Untuk Nasi Putih-nya, saya pikir tadinya cuma dapat satu tangkup di dua piring gitu (karena memesan dua nasi), eh, ternyata dapat di wadah nasi yang khas Sunda itu, saudara-saudara. Porsinya pun banyak. Kenyang-kenyang, deh 😀 .
Kalau untuk Es Teh-nya, ya standar juga lha ya, disajikan di atas gelas yang cukup besar, sedangkan Es Kelapa-nya horeeee, bener-bener masih disajikan di kelapa utuh. Rasanya manis, namun enggak bikin serik (bahasa Indonesia-nya “serik” apaan deh?). Daging kelapanya pun kelembutannya pas, gapang terlepas juga dari buahnya saat dikerik.
Untuk semua makanan dan minuman yang kami pesan, kami membayar Rp. 155 ribu “saja”. Bener-bener worth it, lha, walau awalnya sempat pesimis makanannya enak atau enggak, kok, sepi resto-nya, hehe 😛 . Secara umum enak kok, rasa makanannya.
Tempat makannya pun enak. Sayangnya, mereka enggak kasi tanda larangan merokok di resto, khususnya bagian lesehan. Jadi, waktu itu ada pengunjung yang merokok cukup ganggu.

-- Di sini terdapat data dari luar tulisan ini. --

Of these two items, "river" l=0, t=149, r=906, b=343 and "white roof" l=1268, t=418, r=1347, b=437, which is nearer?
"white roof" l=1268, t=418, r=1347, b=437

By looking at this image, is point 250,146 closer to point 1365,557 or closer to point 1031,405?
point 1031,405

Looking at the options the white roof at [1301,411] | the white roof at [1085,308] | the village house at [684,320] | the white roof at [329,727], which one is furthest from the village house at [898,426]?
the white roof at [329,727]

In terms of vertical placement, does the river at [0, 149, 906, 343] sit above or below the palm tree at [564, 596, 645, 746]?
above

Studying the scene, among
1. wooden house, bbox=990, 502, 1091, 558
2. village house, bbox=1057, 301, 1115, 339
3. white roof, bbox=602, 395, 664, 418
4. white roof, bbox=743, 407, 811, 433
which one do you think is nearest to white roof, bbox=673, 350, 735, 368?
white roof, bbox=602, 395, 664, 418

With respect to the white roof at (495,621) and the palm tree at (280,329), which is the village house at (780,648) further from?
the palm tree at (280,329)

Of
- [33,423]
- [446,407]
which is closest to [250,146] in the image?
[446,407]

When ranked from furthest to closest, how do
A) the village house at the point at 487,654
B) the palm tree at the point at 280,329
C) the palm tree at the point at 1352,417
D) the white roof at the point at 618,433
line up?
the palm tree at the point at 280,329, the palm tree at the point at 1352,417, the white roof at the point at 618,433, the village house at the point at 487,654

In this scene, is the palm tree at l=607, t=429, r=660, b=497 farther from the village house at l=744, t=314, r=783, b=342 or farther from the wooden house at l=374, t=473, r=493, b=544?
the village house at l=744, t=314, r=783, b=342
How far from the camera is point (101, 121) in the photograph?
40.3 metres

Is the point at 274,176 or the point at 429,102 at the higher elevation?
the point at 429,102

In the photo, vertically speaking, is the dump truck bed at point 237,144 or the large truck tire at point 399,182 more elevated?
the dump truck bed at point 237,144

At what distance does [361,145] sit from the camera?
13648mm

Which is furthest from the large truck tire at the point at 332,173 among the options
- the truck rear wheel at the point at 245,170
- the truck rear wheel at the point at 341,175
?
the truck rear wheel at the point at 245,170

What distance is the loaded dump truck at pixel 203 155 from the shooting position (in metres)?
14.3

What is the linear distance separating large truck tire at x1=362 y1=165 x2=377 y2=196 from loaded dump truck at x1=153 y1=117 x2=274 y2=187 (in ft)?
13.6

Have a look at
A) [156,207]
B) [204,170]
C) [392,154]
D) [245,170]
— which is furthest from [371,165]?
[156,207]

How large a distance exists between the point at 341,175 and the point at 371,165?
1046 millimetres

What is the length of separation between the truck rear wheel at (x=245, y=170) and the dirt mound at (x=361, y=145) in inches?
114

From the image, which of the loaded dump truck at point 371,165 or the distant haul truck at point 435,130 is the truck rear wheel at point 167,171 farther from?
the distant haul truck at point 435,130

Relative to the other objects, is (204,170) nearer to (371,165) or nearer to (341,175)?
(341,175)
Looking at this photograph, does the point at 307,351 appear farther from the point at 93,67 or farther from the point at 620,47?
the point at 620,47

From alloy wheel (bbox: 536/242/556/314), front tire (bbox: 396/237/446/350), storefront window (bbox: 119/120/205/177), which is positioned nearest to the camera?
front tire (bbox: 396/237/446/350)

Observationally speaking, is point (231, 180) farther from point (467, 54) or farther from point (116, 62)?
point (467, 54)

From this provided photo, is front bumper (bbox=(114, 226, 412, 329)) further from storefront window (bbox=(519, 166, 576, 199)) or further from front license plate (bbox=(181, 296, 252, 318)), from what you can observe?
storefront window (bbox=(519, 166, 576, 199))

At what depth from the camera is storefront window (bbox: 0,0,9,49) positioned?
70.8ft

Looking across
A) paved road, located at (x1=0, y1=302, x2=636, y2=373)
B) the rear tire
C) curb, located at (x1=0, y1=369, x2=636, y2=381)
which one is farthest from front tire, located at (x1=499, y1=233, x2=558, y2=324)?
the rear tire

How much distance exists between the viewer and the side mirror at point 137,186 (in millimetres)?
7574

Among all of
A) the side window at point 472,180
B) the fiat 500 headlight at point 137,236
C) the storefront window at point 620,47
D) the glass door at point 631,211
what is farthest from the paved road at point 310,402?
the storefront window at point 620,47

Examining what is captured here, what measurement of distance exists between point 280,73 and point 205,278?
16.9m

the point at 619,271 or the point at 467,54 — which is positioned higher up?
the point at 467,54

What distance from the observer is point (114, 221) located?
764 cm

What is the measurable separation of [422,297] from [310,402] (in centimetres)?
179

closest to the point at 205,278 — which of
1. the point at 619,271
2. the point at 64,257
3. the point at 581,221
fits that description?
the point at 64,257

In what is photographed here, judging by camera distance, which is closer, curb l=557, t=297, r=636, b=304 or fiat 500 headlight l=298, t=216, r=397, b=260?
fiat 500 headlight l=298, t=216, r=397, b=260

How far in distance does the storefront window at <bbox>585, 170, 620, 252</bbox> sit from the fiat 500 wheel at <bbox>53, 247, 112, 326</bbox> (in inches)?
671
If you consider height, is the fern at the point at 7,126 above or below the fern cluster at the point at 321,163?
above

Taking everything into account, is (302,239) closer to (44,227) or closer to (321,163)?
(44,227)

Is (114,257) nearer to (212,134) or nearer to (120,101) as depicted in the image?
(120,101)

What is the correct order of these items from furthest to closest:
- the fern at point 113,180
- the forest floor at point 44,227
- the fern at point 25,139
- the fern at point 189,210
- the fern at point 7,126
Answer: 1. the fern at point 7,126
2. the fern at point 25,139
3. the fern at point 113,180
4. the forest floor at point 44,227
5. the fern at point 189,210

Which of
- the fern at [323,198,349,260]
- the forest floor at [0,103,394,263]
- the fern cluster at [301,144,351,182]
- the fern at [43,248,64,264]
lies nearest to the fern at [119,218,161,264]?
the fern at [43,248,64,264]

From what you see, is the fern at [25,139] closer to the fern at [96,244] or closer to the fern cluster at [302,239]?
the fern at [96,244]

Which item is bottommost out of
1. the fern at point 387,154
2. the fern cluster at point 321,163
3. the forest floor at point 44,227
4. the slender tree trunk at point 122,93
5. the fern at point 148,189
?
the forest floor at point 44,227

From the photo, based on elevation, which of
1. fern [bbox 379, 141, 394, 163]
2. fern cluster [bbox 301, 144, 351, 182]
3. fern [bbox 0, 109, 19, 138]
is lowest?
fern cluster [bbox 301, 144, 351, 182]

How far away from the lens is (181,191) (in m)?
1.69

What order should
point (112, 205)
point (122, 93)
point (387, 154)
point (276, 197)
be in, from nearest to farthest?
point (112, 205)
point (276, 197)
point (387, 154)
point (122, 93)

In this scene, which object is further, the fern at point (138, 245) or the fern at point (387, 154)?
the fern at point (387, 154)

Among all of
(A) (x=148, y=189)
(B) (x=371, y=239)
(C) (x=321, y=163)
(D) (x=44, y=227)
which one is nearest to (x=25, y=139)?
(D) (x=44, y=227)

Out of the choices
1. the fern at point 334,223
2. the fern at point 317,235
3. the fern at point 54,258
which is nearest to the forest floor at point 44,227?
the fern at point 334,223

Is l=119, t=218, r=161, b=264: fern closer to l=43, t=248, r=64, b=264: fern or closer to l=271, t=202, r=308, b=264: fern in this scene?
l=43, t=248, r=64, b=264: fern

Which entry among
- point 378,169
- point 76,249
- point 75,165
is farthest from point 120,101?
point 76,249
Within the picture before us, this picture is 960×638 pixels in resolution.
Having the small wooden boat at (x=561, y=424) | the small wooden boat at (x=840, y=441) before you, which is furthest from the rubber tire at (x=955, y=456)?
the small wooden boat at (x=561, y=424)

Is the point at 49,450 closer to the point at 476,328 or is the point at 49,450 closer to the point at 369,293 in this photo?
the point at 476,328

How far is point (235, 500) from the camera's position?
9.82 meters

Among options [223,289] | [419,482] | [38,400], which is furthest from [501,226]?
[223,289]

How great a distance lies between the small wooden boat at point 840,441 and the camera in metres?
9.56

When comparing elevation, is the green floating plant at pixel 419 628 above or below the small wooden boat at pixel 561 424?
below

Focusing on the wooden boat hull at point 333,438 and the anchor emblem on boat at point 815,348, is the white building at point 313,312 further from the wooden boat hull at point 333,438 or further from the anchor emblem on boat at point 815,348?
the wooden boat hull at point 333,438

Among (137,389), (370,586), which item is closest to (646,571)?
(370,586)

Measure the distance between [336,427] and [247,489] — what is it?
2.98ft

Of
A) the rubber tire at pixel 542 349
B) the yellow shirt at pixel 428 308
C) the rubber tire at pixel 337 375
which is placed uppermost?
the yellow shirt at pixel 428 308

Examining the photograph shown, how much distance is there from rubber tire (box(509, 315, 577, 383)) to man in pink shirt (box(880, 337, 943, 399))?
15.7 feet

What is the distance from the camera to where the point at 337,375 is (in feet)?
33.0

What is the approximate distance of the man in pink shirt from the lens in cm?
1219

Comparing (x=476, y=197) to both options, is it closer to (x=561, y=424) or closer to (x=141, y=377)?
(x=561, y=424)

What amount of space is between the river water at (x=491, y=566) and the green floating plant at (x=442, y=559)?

Lalu, musholanya waktu itu kayak agak jarang dipakai jadi kurang bersih. Soalnya waktu itu sempat sholat Maghrib di sana.
Semoga sekarang udah ada tanda “no smoking” dan musholanya sudah lebih bersih yaaa.
Ikut senang karena rumah makan Nasi Timbel Saung Sunda Bogor ini masih buka setelah pandemi. Malah, anehnya, resto satunya lagi, yang tadi di atas saya sebut lebih ramai itu, udah enggak ada, lho. Entah tutup, bangkrut, atau pindah lokasi atau gimana. Semoga saja Saung Sunda ini tetap enak makanannya dan tetap terjangkau harganya sebagai resto keluarga 😀 .
Wargi Bogor ada yang belakangan ini pernah ke sana? Cerita donk perubahannya apa saja di kolom komen 😀 .
April Hamsa
Sayang ga ada foto2nya mba, padahal pengen liat penampakan makanannya 😅.
Makanan Sunda itu enak2 sih, Trutama sambelnya yaaa. Makanya aku paling suka kalo makan rame2 , aku milihnya kalo ga Chinese resto, ya resto Sunda gini. Krn paling asyik buat makan rame2. Dan rasa juga enak2.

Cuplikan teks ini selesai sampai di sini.